Porphyry's attention to logic, metaphysics and all other topics was driven by his firm belief that reason exercised by pure mind leads to the true essence of things, the One God. Intellectual activity detaches the soul from passions and confusions, and concentrates its activity on the real things. Porphyry attacked Christianity and Gnosticism because he thought they appealed to the irrational. Mysteries and rituals are fitted for those who are unable to practise inward contemplation. Salvation comes to those leading the life of the philosopher-priest.
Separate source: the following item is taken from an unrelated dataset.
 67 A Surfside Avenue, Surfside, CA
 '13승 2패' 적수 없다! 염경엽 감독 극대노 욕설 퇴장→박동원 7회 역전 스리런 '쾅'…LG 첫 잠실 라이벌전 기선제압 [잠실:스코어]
Porphyry was born in the ancient Phoenician port of Tyre. His parents were Syrian and he was originally named after his father Malkhos ('king'). He spent many years expanding his general knowledge, and learning the languages (including Hebrew) and religions of the eastern Roman Empire. He then travelled to Athens, one of the two main centres of teaching in the Empire, and became a mature student of the eminent scholar Longinus. According to the vivid descriptions typical of the age, Longinus was a 'living library and walking museum' and the academic's critical attention to detail, clarity of style and erudition left their permanent mark on the keen student. Longinus renamed him 'Porphyry', which in Greek means 'purple', the royal dye for which Tyre was famous.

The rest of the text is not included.